■ WHAT YOU WILL DO ■
Nothing but the lines from the one containing "PRE-ORDER SAMIRA Nubuck Flatform Slides" through the one containing "Anel-Coracao-Liso-Em-Ouro", both included, should be given again, each exactly as written below.

■ DATASET EXTRACT ■

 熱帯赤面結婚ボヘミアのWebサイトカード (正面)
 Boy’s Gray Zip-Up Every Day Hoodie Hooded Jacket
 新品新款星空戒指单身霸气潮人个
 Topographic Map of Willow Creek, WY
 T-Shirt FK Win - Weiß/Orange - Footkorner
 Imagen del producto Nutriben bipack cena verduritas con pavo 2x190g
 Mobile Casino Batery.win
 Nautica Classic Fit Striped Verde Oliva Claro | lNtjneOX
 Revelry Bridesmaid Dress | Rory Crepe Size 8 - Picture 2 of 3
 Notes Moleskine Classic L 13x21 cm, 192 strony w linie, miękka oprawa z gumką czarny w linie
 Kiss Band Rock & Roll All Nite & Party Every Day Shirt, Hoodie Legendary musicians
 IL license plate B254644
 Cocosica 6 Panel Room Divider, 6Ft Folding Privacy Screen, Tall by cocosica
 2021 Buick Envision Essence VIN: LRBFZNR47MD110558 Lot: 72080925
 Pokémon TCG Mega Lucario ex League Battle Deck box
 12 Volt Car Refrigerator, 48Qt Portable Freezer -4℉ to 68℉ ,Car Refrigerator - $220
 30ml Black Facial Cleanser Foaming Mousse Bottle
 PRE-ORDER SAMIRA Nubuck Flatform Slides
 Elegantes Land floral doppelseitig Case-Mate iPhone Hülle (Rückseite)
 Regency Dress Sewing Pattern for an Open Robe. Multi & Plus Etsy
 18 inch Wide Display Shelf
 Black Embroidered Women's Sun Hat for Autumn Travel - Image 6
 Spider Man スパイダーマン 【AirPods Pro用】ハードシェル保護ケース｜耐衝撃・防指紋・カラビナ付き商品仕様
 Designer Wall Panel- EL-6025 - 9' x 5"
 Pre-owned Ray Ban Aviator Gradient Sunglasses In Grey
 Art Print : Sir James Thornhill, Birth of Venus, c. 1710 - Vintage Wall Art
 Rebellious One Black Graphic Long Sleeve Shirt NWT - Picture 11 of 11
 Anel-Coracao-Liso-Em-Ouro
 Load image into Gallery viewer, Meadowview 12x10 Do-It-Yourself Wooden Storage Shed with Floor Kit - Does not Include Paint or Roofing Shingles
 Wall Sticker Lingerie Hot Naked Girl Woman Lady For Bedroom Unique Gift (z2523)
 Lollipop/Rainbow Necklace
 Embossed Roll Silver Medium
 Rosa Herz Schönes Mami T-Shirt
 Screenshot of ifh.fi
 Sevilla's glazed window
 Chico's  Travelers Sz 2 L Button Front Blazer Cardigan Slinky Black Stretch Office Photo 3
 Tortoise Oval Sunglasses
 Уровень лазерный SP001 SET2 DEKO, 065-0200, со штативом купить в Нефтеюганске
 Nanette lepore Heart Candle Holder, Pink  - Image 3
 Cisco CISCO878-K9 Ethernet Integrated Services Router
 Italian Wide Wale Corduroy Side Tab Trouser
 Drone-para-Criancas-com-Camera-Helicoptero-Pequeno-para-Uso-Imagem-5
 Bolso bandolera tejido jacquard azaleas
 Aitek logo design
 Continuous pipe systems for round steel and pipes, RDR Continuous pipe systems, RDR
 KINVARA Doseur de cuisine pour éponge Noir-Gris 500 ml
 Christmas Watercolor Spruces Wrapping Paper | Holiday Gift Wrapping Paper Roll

■ SOLUTION FOR THIS PROBLEM ■
 PRE-ORDER SAMIRA Nubuck Flatform Slides
 Elegantes Land floral doppelseitig Case-Mate iPhone Hülle (Rückseite)
 Regency Dress Sewing Pattern for an Open Robe. Multi & Plus Etsy
 18 inch Wide Display Shelf
 Black Embroidered Women's Sun Hat for Autumn Travel - Image 6
 Spider Man スパイダーマン 【AirPods Pro用】ハードシェル保護ケース｜耐衝撃・防指紋・カラビナ付き商品仕様
 Designer Wall Panel- EL-6025 - 9' x 5"
 Pre-owned Ray Ban Aviator Gradient Sunglasses In Grey
 Art Print : Sir James Thornhill, Birth of Venus, c. 1710 - Vintage Wall Art
 Rebellious One Black Graphic Long Sleeve Shirt NWT - Picture 11 of 11
 Anel-Coracao-Liso-Em-Ouro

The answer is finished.